In this case the kidnapping was five days previous, so to be fair there was little chance of finding said miscreants; and indeed the trail led only to an empty jetty. This makes it all the more frustrating as there is no particular plot reason why we could not have followed the trail earlier. It was simply that the game had made assumptions (or decisions) about the order in which you would do things and was not prepared to do otherwise.
It's not just the parts where you can't do what you want, either; there are also places where you don't know what they want you to do. Twice thus far the game has transferred control from Holmes to Watson and (once, literally) said "I think you know what to do". I had not a clue and was unable to proceed until I worked out what. Not how - what. It's the worst kind of adventure game, where the game itself is a puzzle rather than a medium for presenting puzzles.
Luckily the game has a built-in "strategy" guide which has helpful headings like "How does Watson water the horse?" Which tells me, without even opening the section, that I am supposed to be watering the horse.[1]

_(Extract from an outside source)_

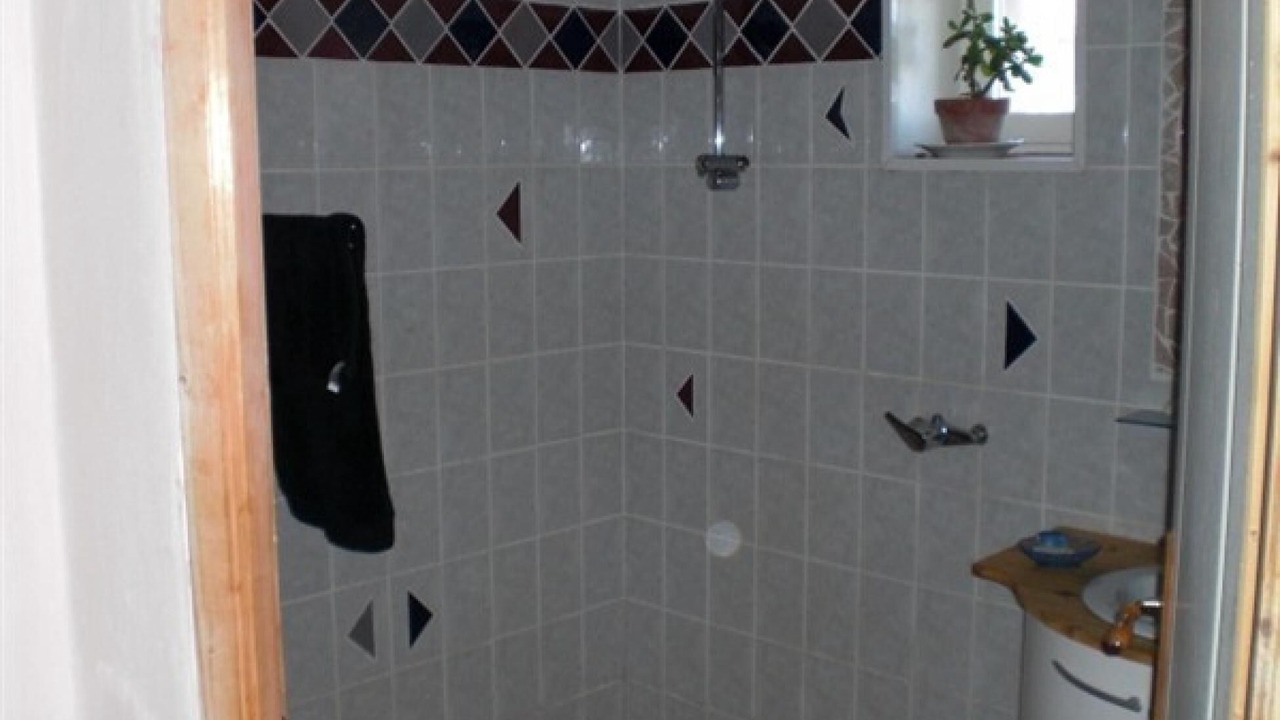 Photo of Bathroom in Chenay-le-Chatel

Why, then, am I sticking with it? Because it's Sherlock Holmes versus Cthulhu. Yeah, boys.
[1] Though in fact this one I did figure out myself, because while clicking on everything in the room I hit upon Holmes, who asked, "Well? Have you watered the horse yet?" And I was like, "No, Holmes, I have not, and perhaps if you had suggested that I do so in the first place instead of playing these infernal guessing games then I could have made some progress in that direction, and why do I have to go outside to the fountain, what is wrong with the water in the taps?" And he was like, "Well? Have you watered the horse yet?" And I did, just so we could all move on with our lives.
The horse wasn't even important to the plot, it was just lying on a hammer which we didn't need until three scenes later when we still had full access to the horse. And, of course, you can't water the horse earlier out of simple altruism. That would be too easy.